Launch the training node:

bash

# Set your public IP (critical for peer discovery)
export PUBLIC_IP=$(curl -s ifconfig.me)
export NCCL_IB_DISABLE=0
export NCCL_NET_GDR_LEVEL=2

# Start the training process
torchrun --nproc_per_node=8 \
  --master_addr=localhost \
  --master_port=29500 \
  prime_intellect.train \
  --config config.yaml \
  --node_id $(hostname) \
  --public_ip $PUBLIC_IP

# Monitor outer step progress
prime_intellect monitor --dht_peer /ip4/34.172.12.109/tcp/12345/p2p/QmBootstrap1

The node registers with the DHT, receives a data shard assignment, and starts its first inner loop. You will see logs like [outer_step=142] pseudo_grad_norm=0.0234, participants=18, sync_latency=143ms. The sync latency reflects your cross-region network round-trip.
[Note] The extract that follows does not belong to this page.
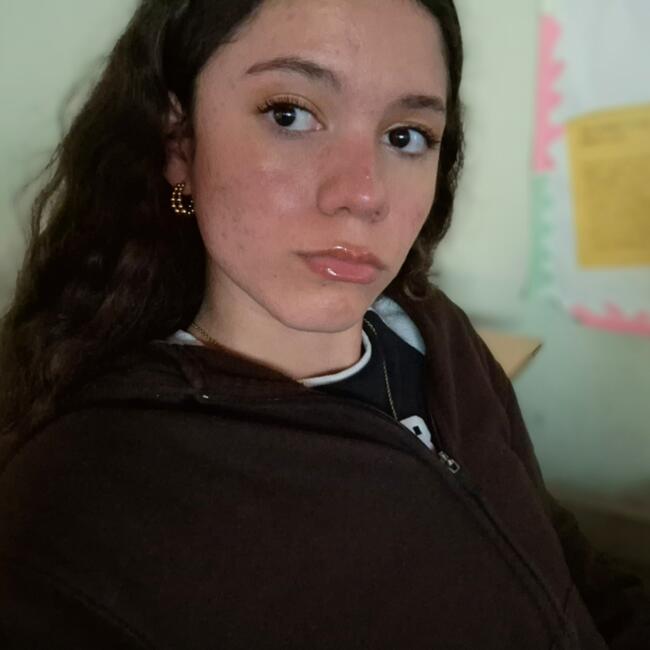 Babysitter in Bello: Isabella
For Prime Intellect, keep sync latency under 100ms; values above 150ms will start to degrade outer step convergence. OpenDiLoCo and Pluralis tolerate up to 150ms; Nous Psyche tolerates up to 200ms.
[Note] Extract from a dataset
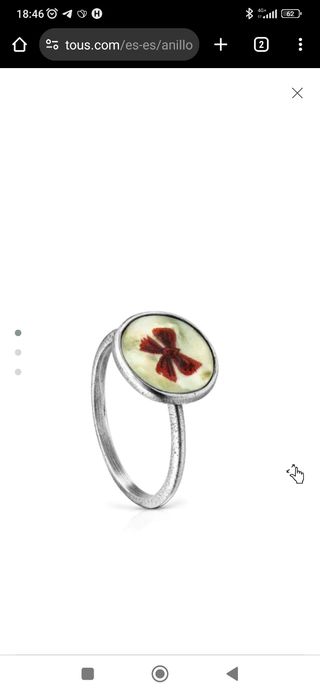 ANILLO TOUS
Deploy a Pluralis Training Participant

Pluralis uses a gossip protocol instead of a DHT. Peer discovery is faster but shard assignment is done by a lightweight coordinator service rather than a fully decentralized DHT. The signed-gradient protocol adds ~2ms overhead per outer step on modern CPUs (Ed25519 signing).

Clone and configure:

bash

# Pluralis Research publishes its training stack at https://github.com/PluralisResearch
# Check that org for the current training-participant client (e.g. node0) and clone it.
# The CLI commands below reflect the published protocol design; consult the client's README for current command names.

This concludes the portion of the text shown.